Generally, historical evidence does reflect that Pakistan has been a high inflation and high interest economy given its inherent structural weaknesses. The role and effectiveness of monetary policy appears more visible in the 2000s when financial sector reforms started bearing fruits in terms of a more market based money and foreign exchange markets.
Political independence: Monetary policy is highly impersonal. Monetary policy interferes very little with the freedom of the market, although market imperfections sometimes intensify the effects of policy upon particular sectors of the economy. A tight monetary policy cuts down the rate at which total spending can rise. Monetary policy is flexible.

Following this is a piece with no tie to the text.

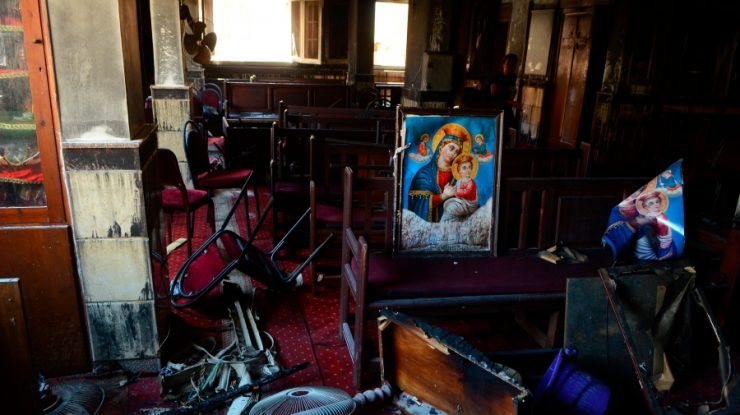 Au început funeraliile pentru cei 15 copii care au fost uciși în incendiul de la biserica din Cairo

The Federal Open Market Committee usually meets about every six weeks, reaches a decision, and acts on that decision immediately.
Focus on Inflation:
Unlike many other countries, our monetary policy seems to reach beyond its underlying fundamentals. In its latest monetary policy announcement, the State Bank of Pakistan (SBP) has focused more on inflation than other factors. It can be observed that inflation, which is a fiscal-driven phenomenon, cannot be controlled through monetary measures. A tight monetary policy does not assure the curbing of inflation, even when it is the prime goal of the monetary policy. In Pakistan there always exists a danger of inflation. It is because of the reason that output cannot be increased to the desirable extent. There is a big population pressure. The government expenditures are far more than government revenues. The trading is carried under hoarding and speculation .in such circumstances; the monetary policy cannot work properly.